DUI for “Sleeping it off” in the Car


Many people are under the mistaken belief that a person can be arrested, charged, and convicted of a California DUI for sleeping in a vehicle while drunk without actually haven driven the vehicle. While this is the case in other, what are called, “dominion and control” states, California law requires that the person actually drive a vehicle.

All crimes, including DUI, have “elements.” Elements are facts that must be present for the person to be convicted of that crime. In California, driving a vehicle is an element to the crime of DUI.

In 1991, the California Supreme Court in the case of Mercer v. Department of Motor Vehicles held that the word “drive” in California’s DUI law means that the defendant volitionally and voluntarily moved the vehicle. The court has held that even a “slight movement” is enough to meet the element of driving.
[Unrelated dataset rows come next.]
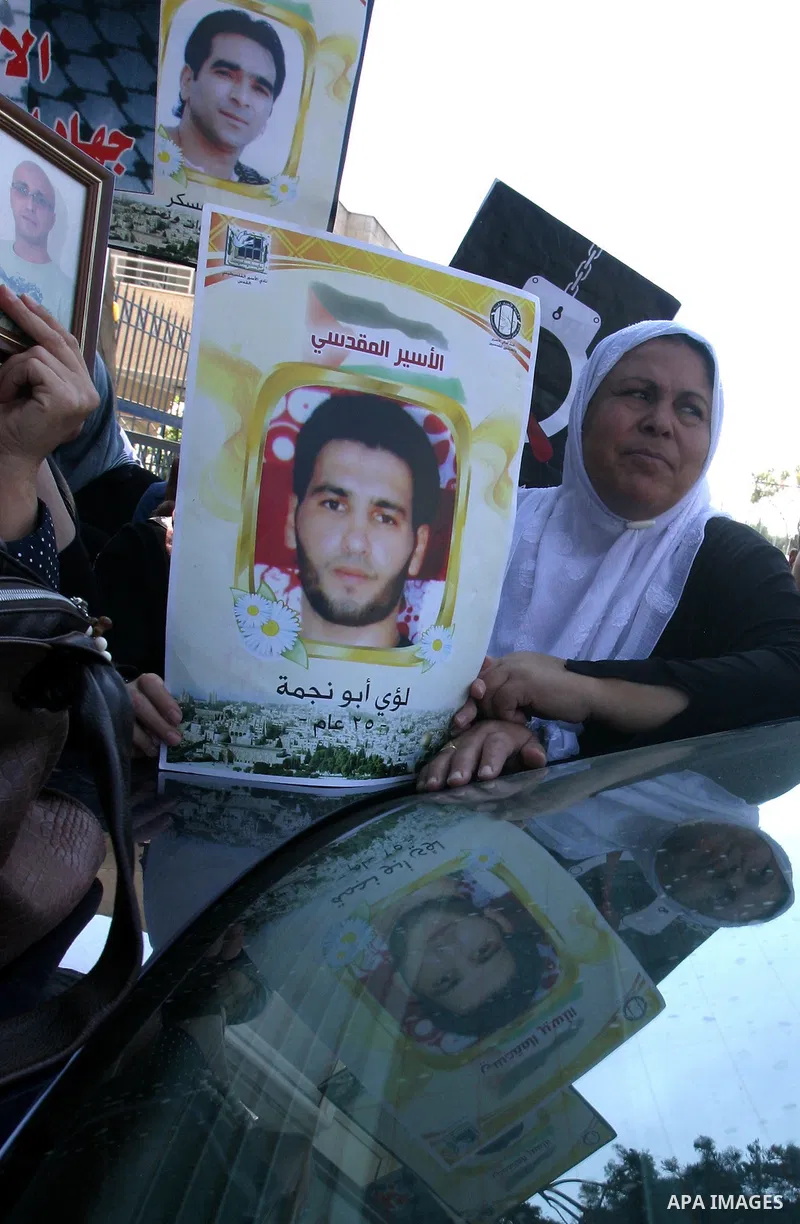 Palestinians hold portraits of their relatives held in Israeli jails during a protest in solidarity with prisoners on hunger strike, outside the European Union Representative Office in East Jerusalem May 10, 2012. Palest...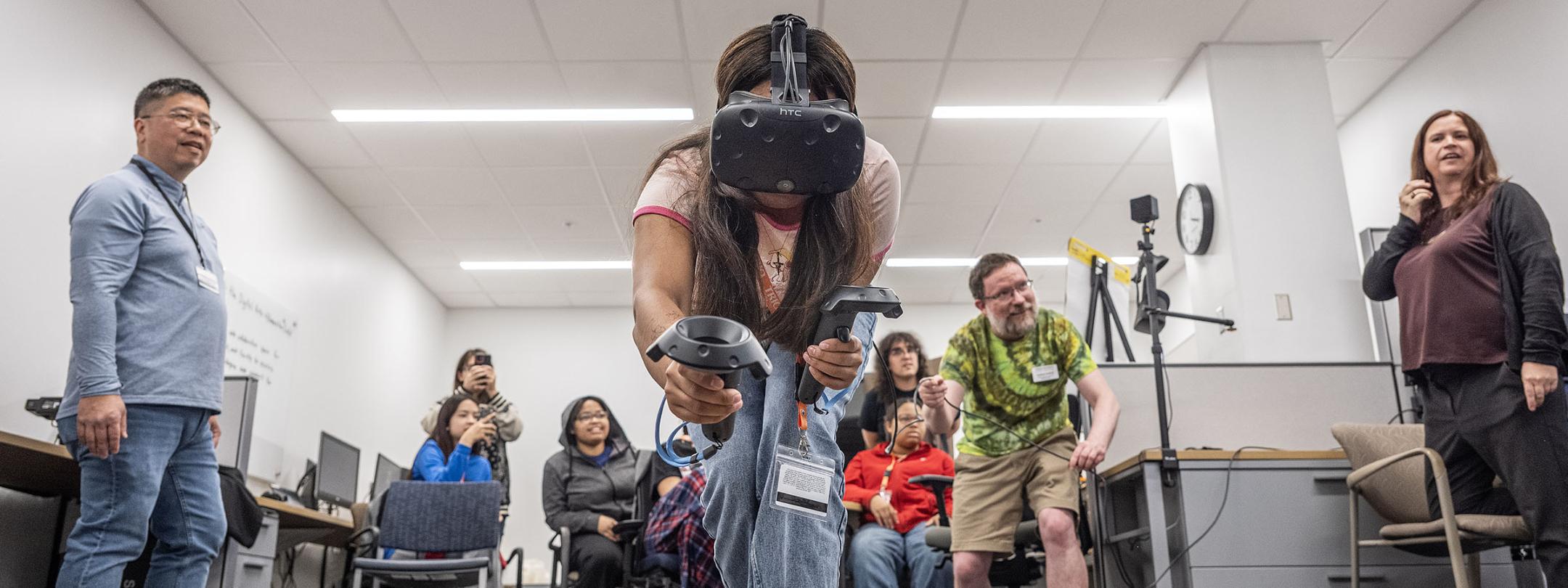A student is walking on a balance beam while wearing a VR headset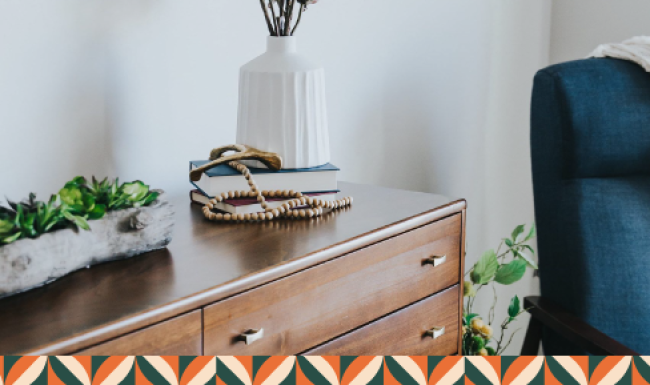 a dresser with a vase of plants on top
So does the officer actually have to witness a slight movement of the vehicle to arrest a person for a California DUI? Unfortunately, no.

Through circumstantial evidence, a prosecutor can prove that person drove their vehicle without the officer actually witnessing the vehicle moving.

This is typically done when the officers find the vehicle at or close to the scene of an accident or when the officers find the vehicle in the middle of the road. Under either of these circumstances, often is the case that the driver is asleep in the vehicle and the officer does not actually see any movement of the vehicle.

If, however, the officers find a person asleep in a vehicle while under the influence and there are no other facts that would indicate that the driver recently drove the vehicle, the person cannot be arrested, charged, or convicted of a California DUI. An example of this would be when an officer finds an intoxicate person asleep in a vehicle that is parked in a driveway or parking lot. The office can, however, arrest the person for being drunk in public.

As I mentioned earlier, California is different than dominion and control states. In a dominion and control state, if a person is found asleep in a vehicle and they have dominion and control of the vehicle with the ability to drive, they can be arrested for a DUI in that state.